Казанова ответил, что готов. Он был полон решимости «говорить удивительные вещи». В качестве текста на праздник Святого Стефана он весьма смело выбрал не библейский стих, а одно из посланий Горация: «Ploravere suis non responderer favorem speratum meritus» («Они сетовали, что их достоинства не находят той благодарности, на которую они надеялись»). Название оказалось пророческим. Казанова прорепетировал речь на своей бабушке, которая выслушала ее, перебирая молитвенные четки, и объявила ее «прекрасной». Джакомо показал речь и Малипьеро, который заметил, что она не совсем христианская, но аплодировал отсутствию латинских цитат и отправил его к отцу Тозелло. Казанова направил копию своего предполагаемого текста Гоцци в Падую и немедленно получил письмо-ответ, гласившее, что он «сумасшедший», а отец Тозелло сказал, что никогда не допустит произнесения столь небиблейской проповеди в Сан-Самуэле. Тозелло предложил Казанове прочесть одну из его собственных речей, но тот, преисполненный юношеского максимализма, поклялся, что при необходимости дойдет до венецианских цензоров и патриарха, чтобы доказать отсутствие в проповеди крамолы, и, в конечном итоге, Тозелло сдался.

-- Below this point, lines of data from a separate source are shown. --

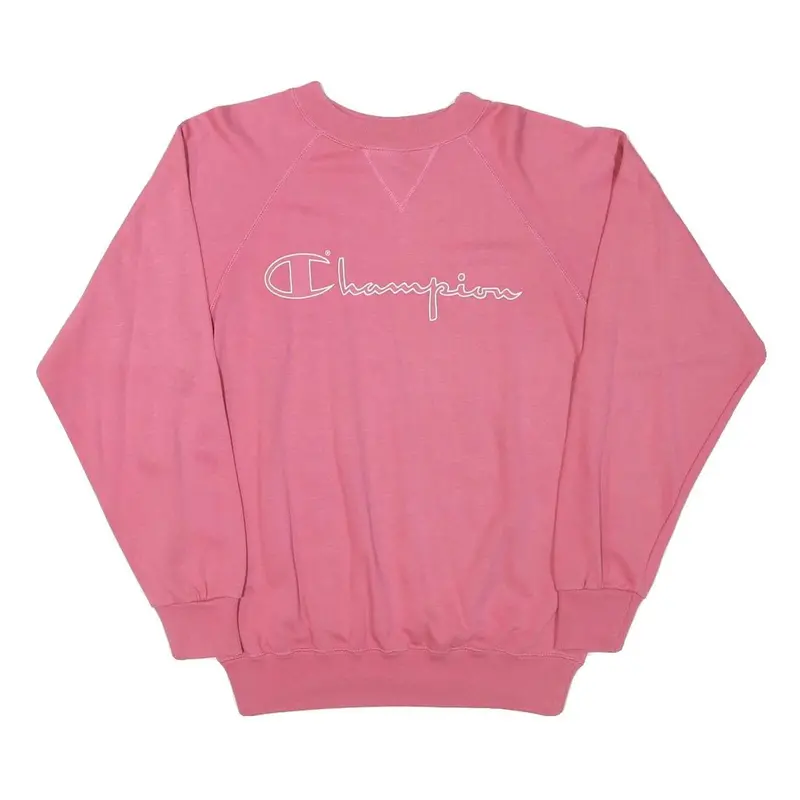 Champion Womens Pink Cotton Blend Crew Neck S Sweatshirt Logo Script 1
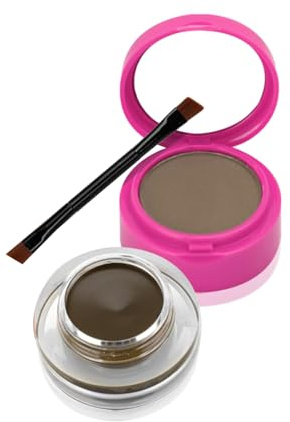 Juego de polvos para cejas - Set de maquillaje para cejas con sello 2 en 1 - Juego de moldeador de cejas compacto, resistente al agua, resistente al sudor, para mujeres y niñas Duqulle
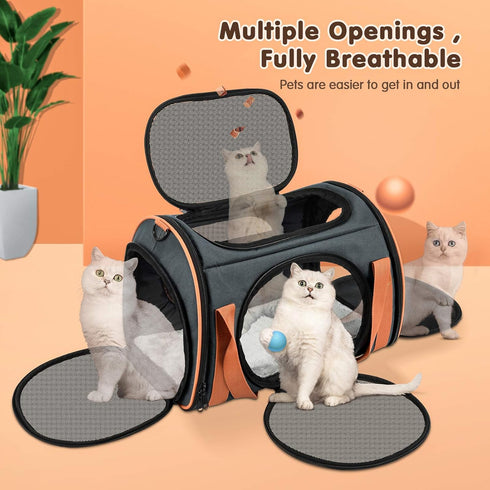 OKMEE 5 4 Cat Carrier TSA Airline Approved with Ventilation for Small Medium Cats Dogs Puppies, Dog Carrier with Big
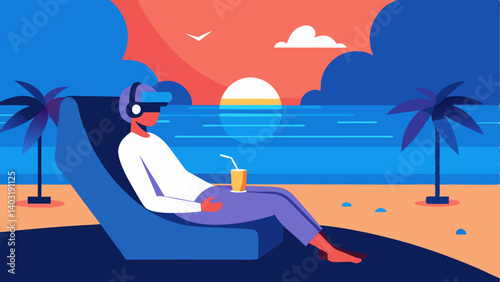 Soothing Ocean Waves A cozy room scene showcasing a patient in VR immersed in a calming virtual beach setting with gentle waves and a sunset emanating relaxation.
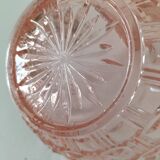 Duo of orange-pink pressed glass bowls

Казанова выступил с проповедью и получил некоторое признание, а также смог собрать пожертвований «почти пятьдесят цехинов… когда сильно нуждался в деньгах… вместе с восторженными записками, все вкупе заставило меня серьезно задуматься о том, чтобы стать проповедником».
Этот был его второй пьянящий успех, он заслужил общественное и интеллектуальное признание, способствовал — как и реплики английского поклонника его матери — развитию склонности к выступлениям и импровизации. Но удовольствие оказалось недолгим: отец Тозелло попросил его снова произнести проповедь в День Святого Иосифа, 19 марта 1741 года, и вторая проповедь Казановы в приходе Сан-Самуэле оказалась в итоге последней.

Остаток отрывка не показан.